Introduction: Part III

This development of a neighborhood restaurant culture marked a significant shift in thinking about what constituted “Italian” food. Among non-Italians, spaghetti with meatballs, a dish that seemed to symbolize Italy (but wasn’t Italian at all), became wildly popular. Eventually one truly authentic Italian offering eclipsed even spaghetti as the gastronomic icon of Italy—pizza.

Ciro's Italian Village
Ciro’s Italian Village, Washington, D.C. (1930)
Photo courtesy of Bill Walsh, copy editor at The Washington Post.

As more restaurants opened and menus expanded, it was la cucina casalinga, home-cooking, that made them so popular with non-Italians. Paradoxically, this was the very reason that Italians didn’t patronize these first restaurants, even though they had opened within their own neighborhoods. The first generations of Italian-Americans stayed home or ate at the homes of family members.

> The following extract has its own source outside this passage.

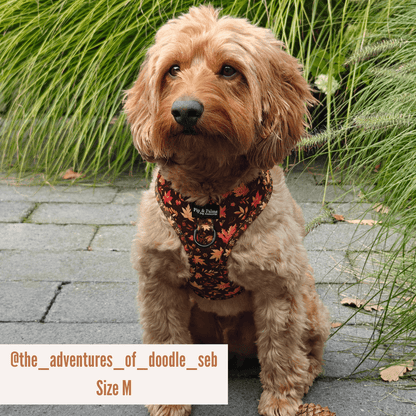 Hundegeschirr Falling For You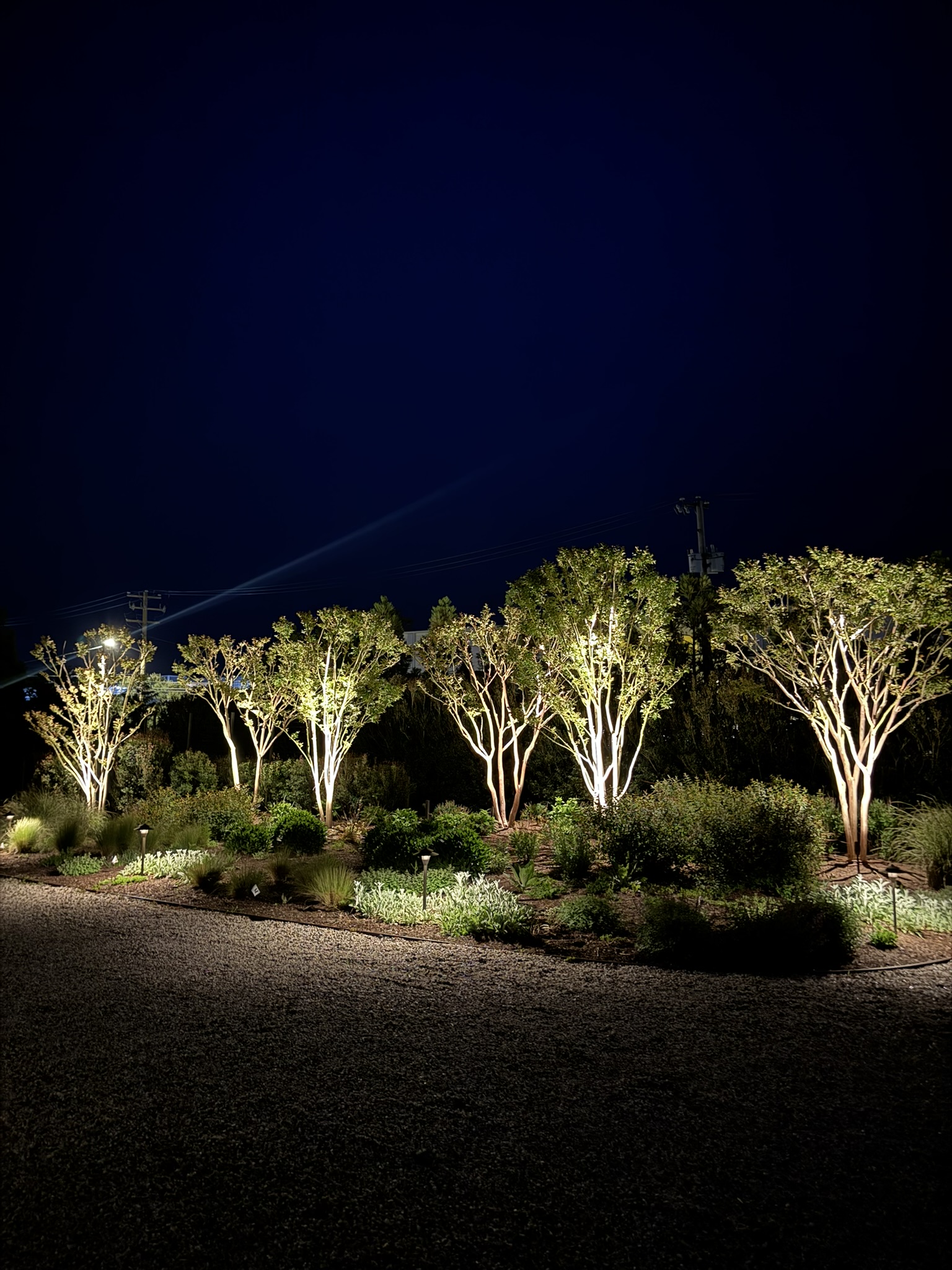 Outdoor landscape and architecture illuminated at night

Despite this lack of community support, Italian restaurants became successful enterprises because they were located in quaint neighborhoods; they offered novelty to their non-Italian diners; and the food was delicious, inexpensive, and abundant.

It was that abundance, abbondanza, that finally assured neighborhood Italian restaurants their central place in mainstream American dining. At the height of America’s engagement in World War II, nationwide food shortages often made it more practical for people to eat at an Italian restaurant than to cook at home. Going out had more appeal than using precious household ration allotments for groceries of dubious quality. The War certainly gave the commercial pasta industry a boost, as housewives of all ethnic heritages discovered the economy and versatility of semolina pasta, a commodity not subject to rationing.

Efficient railway transportation enabled Italian restaurants to offer diners fresh vegetables like broccoli, fennel, and zucchini long after the relatively short Northeast growing season ended. Only thirty-six hours after leaving the produce farms of northern California, the legendary Great American Lettuce Train would be at Pennsylvania Station in New York City.

Customers learned that Italian restaurants offered far more than a filling meal of pasta with tomato sauce. There was always the crusty bread, candles in Chianti bottles, maybe a nip of Papà’s homemade grappa, and more often than not, a Victrola playing Rossini or Verdi.